When we use the quantum fourier transform, for a function, the output is entangled, so if a measurement is made on the output, the result may not be that of the function that one wanted in the first place. For a trivial example, consider addition of two polynomials, using DFT, or even FFT, this is straight forward, but if we consider the same setting in the quantum case, where FFT, or DFTs are substituted with Quantum gates, how can the result of the addition two polynomials be accomplished.
In fact the QFT and the DFT are very different. In the DFT we have $N$ complex values stored in several bits per value, which could be called the standard coefficients of this vector in $\mathbb C^N$, and the Fourier transform produces the Fourier coefficients, which are the coefficients of the same vector in a different basis. In this case the coefficients are stored with finite precision and in general precision will be lost in the change of basis.
The QFT is not the same algorithm implemented with quantum gates; in fact the whole encoding of the state changes. The coefficients are not encoded in qubits: if $N = 2^n$ we now need only $n$ qubits to hold the data, and the coefficients of our element of $\mathbb C^N$ are encoded as the coefficients of the general entangled state of these $n$ qubits together (so we have the restriction that they have to sum 1). In theory no precision is lost in the transform.

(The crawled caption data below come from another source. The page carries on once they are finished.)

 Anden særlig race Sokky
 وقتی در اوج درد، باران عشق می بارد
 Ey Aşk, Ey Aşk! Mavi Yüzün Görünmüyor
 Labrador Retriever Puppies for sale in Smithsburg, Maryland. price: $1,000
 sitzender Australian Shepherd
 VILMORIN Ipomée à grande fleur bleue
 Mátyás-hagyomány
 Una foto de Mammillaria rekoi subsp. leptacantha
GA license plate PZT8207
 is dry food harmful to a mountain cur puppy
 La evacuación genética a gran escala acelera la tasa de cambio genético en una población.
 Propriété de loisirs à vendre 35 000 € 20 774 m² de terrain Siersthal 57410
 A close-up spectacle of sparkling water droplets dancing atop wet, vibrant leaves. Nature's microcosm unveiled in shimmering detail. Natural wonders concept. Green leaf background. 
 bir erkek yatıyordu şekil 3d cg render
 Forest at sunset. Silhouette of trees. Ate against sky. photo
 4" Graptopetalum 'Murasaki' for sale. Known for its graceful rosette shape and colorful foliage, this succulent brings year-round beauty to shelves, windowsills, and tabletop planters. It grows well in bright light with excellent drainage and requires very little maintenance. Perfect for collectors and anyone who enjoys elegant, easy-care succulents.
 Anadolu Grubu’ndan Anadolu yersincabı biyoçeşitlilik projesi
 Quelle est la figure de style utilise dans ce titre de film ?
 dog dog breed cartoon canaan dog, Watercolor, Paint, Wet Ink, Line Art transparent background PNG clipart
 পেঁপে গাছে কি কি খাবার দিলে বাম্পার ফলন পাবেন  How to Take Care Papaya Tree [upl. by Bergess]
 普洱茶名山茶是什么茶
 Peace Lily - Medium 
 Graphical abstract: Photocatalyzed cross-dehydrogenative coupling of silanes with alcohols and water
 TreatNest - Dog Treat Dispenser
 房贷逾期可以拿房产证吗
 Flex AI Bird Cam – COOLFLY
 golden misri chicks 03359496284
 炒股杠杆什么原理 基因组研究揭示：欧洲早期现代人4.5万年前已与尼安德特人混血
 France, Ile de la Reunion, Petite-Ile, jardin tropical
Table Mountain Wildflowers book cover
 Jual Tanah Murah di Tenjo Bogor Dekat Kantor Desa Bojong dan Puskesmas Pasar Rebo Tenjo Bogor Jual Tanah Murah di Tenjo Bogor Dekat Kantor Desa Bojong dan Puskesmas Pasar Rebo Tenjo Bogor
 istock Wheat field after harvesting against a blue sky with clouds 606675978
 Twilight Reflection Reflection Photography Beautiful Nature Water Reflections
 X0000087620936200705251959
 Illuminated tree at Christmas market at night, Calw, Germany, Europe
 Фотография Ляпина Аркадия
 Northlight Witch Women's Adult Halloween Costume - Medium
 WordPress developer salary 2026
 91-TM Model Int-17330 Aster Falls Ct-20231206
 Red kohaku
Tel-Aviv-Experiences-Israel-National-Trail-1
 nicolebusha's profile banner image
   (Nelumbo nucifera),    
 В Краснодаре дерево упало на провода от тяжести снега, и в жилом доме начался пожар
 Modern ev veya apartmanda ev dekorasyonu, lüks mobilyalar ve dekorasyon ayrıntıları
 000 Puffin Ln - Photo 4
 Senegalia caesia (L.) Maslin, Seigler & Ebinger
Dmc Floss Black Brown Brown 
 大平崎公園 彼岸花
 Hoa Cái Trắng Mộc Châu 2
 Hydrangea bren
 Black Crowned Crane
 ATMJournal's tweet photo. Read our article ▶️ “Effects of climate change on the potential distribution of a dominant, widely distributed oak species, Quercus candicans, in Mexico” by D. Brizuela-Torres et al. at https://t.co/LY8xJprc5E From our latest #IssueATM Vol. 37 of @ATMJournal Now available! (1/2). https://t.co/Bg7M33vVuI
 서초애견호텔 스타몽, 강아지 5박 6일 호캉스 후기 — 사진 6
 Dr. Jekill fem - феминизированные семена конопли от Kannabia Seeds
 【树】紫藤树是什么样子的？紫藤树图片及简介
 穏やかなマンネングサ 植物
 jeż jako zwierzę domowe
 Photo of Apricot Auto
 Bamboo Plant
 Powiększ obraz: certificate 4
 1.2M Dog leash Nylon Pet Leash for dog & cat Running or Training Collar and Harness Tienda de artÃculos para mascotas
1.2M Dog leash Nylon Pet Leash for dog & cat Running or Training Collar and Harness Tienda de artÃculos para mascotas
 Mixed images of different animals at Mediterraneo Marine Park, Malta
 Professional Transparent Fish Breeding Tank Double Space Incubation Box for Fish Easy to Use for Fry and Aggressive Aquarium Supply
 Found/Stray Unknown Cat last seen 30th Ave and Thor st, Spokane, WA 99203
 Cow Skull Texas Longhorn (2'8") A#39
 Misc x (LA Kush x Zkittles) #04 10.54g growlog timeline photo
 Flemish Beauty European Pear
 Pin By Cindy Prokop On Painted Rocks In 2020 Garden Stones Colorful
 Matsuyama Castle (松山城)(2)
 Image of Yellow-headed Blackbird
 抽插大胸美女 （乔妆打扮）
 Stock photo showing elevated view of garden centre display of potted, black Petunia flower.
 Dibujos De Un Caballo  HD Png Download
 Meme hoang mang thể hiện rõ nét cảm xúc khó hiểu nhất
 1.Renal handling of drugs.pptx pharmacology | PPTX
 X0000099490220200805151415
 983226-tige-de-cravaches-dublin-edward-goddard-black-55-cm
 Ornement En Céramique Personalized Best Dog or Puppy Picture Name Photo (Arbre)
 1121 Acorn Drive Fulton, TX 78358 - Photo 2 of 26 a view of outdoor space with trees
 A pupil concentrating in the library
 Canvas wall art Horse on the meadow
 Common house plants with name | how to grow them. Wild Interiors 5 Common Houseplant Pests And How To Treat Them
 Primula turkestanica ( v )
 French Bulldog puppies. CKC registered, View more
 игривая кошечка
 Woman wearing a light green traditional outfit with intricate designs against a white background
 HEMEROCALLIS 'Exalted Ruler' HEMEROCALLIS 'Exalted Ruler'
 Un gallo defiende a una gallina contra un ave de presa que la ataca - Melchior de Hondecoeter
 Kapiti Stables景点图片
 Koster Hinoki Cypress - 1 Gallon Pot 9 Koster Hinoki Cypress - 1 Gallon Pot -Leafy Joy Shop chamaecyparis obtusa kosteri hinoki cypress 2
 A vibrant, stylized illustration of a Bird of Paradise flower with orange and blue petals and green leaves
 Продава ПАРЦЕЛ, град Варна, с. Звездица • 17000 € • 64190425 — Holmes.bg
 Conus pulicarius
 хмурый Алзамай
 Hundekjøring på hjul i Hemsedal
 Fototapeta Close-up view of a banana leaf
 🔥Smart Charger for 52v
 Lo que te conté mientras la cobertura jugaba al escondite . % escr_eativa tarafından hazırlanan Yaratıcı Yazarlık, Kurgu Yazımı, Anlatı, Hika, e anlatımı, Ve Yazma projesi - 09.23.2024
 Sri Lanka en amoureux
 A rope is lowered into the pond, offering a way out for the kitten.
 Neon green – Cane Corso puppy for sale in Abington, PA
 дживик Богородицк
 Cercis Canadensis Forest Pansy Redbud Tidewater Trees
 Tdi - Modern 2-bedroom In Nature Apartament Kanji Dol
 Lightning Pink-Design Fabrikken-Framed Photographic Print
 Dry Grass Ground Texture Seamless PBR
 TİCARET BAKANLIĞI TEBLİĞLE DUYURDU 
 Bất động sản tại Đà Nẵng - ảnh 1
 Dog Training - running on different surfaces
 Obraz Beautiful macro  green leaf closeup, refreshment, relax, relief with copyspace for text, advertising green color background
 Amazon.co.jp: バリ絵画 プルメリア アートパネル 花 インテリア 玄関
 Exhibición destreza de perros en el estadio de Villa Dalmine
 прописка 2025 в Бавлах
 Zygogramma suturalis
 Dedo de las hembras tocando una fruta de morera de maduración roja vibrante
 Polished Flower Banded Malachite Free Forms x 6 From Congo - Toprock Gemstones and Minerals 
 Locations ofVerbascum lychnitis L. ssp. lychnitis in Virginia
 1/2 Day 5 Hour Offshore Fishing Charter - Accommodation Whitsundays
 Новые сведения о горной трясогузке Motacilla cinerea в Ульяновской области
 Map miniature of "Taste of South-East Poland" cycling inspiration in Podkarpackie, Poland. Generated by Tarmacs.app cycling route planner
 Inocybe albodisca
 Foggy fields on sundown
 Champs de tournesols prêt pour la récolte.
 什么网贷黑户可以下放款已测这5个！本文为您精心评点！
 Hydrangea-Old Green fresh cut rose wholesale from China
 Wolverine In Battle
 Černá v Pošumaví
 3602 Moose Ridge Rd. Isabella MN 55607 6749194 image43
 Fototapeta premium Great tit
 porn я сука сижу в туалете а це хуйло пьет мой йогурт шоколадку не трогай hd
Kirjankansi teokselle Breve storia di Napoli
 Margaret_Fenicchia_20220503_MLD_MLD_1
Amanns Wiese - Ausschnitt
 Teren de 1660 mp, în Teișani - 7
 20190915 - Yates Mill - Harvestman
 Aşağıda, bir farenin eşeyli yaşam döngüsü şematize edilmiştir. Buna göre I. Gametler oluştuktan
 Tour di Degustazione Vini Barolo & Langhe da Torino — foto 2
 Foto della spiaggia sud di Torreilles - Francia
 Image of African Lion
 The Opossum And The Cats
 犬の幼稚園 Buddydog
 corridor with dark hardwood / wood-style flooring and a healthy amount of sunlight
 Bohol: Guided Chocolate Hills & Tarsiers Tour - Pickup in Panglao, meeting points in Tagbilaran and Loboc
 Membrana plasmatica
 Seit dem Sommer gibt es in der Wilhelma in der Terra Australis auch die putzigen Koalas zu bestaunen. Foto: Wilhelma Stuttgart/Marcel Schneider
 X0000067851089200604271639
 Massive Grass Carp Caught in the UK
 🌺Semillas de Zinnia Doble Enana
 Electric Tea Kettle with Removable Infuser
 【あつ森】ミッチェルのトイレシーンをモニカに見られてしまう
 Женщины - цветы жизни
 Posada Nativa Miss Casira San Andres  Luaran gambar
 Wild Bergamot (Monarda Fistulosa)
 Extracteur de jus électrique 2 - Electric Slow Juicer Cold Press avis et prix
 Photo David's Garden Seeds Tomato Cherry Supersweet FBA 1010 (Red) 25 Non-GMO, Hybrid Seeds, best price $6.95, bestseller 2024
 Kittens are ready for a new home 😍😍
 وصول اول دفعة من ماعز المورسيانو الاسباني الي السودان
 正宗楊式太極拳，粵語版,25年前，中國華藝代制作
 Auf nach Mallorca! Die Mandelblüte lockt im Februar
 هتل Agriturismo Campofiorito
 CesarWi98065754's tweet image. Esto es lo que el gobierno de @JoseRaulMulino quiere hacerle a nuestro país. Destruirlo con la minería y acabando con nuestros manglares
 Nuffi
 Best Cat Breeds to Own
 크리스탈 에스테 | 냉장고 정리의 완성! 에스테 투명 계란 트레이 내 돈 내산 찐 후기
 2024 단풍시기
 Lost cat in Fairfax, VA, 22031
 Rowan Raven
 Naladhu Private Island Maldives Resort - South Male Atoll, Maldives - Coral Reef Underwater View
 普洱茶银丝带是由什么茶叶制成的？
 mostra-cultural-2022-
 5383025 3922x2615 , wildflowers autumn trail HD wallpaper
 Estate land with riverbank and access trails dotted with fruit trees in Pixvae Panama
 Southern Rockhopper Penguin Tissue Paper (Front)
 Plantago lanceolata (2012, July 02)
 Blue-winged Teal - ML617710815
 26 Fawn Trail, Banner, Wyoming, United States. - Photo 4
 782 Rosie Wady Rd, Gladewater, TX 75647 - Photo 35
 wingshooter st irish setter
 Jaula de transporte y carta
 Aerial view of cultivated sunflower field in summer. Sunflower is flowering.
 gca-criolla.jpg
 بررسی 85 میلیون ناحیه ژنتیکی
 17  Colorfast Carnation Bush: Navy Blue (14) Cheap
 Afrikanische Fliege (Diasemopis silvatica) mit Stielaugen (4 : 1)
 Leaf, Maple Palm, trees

As you already remarked, the Fourier coefficients encoded in this way are not accessible to us, and indeed I don't see either how it would be useful to compute a product (I assume you meant product rather than sum) of two polynomials (I am not saying it is not useful for that, just that I don't see how).
If you want to make use of the QFT, it has to be in applications where you are not necessarily interested in the values of all coefficients; e.g. in Shor's algorithm for factoring (or rather period finding) you start out with a (long) periodic sequence of coefficients, and its Fourier transform (possibly after collapsing it to a vector that is 0 everywhere except at some regularly spaced coefficients) will have most coefficients close to 0 but some that are high (and exactly 0 when the period is a divisor of the number of coefficients). You cannot read out the values of the coefficients, but if you look at the qubits (i.e. you measure their values), you will most likely see one of the high coefficients. That gives you a lot of information about the period.
I hope this is (related to) what you were asking.